Initial non binding thoughts on a non binding EU referendum.


Update: Since posting these thoughts, Mark Carney, Governor of the Bank of England, has spoken and brought a calm of sorts. David Cameron has announced he will step down as Prime Minister, and Nicola Sturgeon, Scottish First Minister, has announced her intention to begin the process of working towards a second Scottish independence referendum.

Warning…long post, early thoughts and subject to revision:

So the UK is leaving the EU.

In the midst of inevitable short term panic from some quarters it’s worth remembering that after the Prime Minister invokes Article 50 regarding EU membership (which he doesn’t have to do straight away), there is, I think, a two year period of negotiations before the UK would actually leave the EU. Everything doesn’t have to be decided in the next 24 hours.

On a side note it’s also worth pointing out that the referendum is not, as far as I can tell, actually legally binding. Parliament is sovereign in the UK (unless it’s overruled by the EU – not any more…) and Cameron could (in theory) ignore the wishes of the country and put it to a vote in Parliament if he thought he could win, or even argue for a second referendum. Of course he’s not going to do that.

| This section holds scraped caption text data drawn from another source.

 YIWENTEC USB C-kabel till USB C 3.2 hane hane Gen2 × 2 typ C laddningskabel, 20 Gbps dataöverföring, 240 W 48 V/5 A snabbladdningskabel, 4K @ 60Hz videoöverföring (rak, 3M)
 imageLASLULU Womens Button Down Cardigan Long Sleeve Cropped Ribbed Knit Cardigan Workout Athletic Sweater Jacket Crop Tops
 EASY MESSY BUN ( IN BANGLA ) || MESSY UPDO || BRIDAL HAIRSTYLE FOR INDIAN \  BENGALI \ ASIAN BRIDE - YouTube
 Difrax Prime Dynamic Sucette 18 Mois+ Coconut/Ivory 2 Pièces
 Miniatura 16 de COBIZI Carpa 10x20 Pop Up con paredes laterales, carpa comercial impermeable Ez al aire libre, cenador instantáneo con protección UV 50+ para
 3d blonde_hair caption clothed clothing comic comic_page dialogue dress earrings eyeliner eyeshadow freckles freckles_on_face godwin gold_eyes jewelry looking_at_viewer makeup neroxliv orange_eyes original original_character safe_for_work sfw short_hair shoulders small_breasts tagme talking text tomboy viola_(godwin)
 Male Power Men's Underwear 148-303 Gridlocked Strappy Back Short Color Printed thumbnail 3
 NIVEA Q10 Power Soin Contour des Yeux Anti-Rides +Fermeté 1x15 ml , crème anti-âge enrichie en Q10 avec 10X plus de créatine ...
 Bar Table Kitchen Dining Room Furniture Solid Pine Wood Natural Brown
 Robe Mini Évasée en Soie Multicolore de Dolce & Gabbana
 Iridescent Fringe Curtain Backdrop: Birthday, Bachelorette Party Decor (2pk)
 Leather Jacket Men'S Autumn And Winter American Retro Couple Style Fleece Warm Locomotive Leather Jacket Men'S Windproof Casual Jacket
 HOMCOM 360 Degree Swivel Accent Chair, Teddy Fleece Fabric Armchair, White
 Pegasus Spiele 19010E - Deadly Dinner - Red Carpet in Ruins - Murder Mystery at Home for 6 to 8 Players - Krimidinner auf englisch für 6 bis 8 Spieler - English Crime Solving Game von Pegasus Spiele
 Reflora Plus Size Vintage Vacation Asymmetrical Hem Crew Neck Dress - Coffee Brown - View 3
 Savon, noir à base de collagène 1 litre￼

No matter how you voted I think it’s vitally important to work together now in a common cause to reform, build and rebuild. I confess I honestly thought the Remain vote would win. The very word Leave can have negative connotations depending on context. I heard David Cameron on tv recently saying Britain wasn’t a nation of quitters, we stay and fight. I couldn’t help thinking that there are some relationships where the balance of ‘power’ means one party having the power and the other party being on the receiving end of it, and not in a good way. In some relationships quitting, leaving, while a supremely tough decision, can also be a life saver, not without pain and anguish and not without a time of uncertainty, but nonetheless a route to a better, healthier life. At the time I wasn’t necessarily thinking of that in terms of the EU debate, more in terms of Cameron’s words about not quitting. Sometimes quitting is essential, or rather quitting one situation in order to free yourself to move into another.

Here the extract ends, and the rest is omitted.